» Work to complete
Reproduce exactly the lines from the one containing "На Рублевке устроили" through the end of the listing, minus the pictures.

» Material for the task
══════════

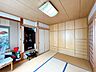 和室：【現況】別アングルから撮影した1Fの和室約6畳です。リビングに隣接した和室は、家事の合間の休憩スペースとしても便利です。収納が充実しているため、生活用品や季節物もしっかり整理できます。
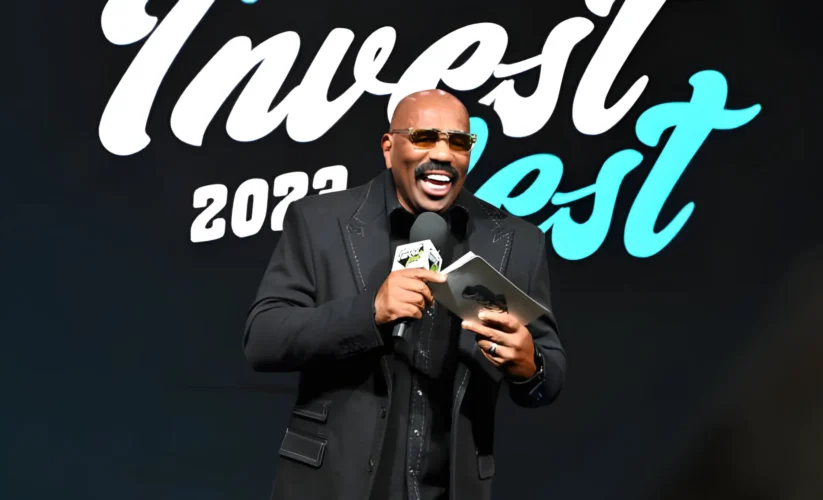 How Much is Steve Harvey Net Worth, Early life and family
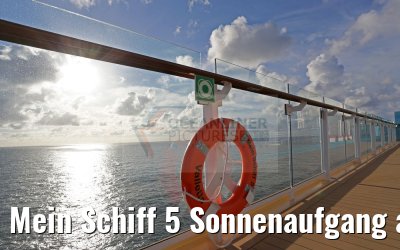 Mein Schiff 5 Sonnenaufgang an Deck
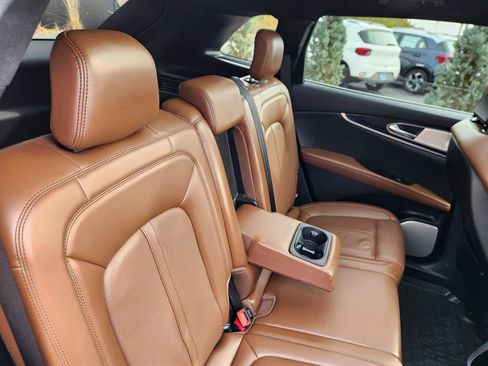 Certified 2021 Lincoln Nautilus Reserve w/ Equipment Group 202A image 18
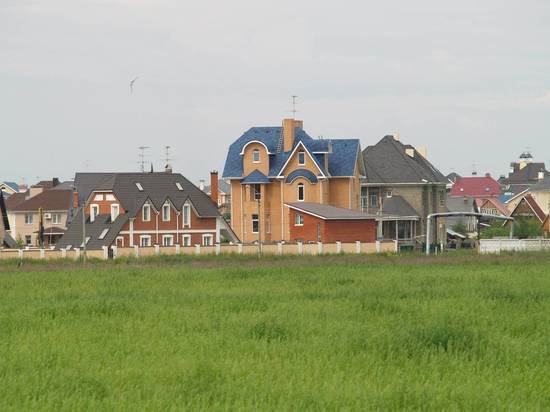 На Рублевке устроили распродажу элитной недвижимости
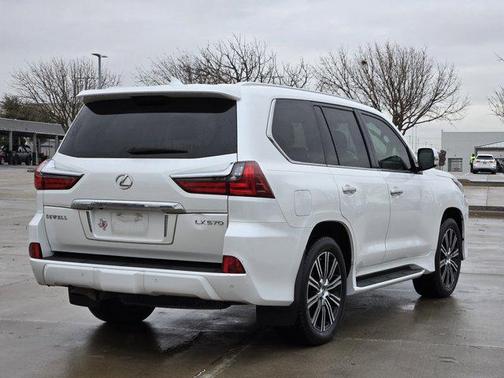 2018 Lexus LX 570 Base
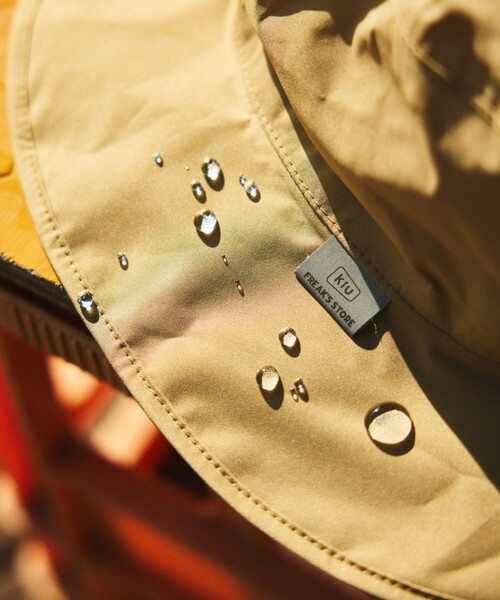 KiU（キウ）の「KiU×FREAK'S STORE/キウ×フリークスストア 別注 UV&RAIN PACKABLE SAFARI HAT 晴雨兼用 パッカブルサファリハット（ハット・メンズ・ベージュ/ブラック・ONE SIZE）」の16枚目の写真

══════════

» Problem solution
 На Рублевке устроили распродажу элитной недвижимости
 2018 Lexus LX 570 Base
 KiU（キウ）の「KiU×FREAK'S STORE/キウ×フリークスストア 別注 UV&RAIN PACKABLE SAFARI HAT 晴雨兼用 パッカブルサファリハット（ハット・メンズ・ベージュ/ブラック・ONE SIZE）」の16枚目の写真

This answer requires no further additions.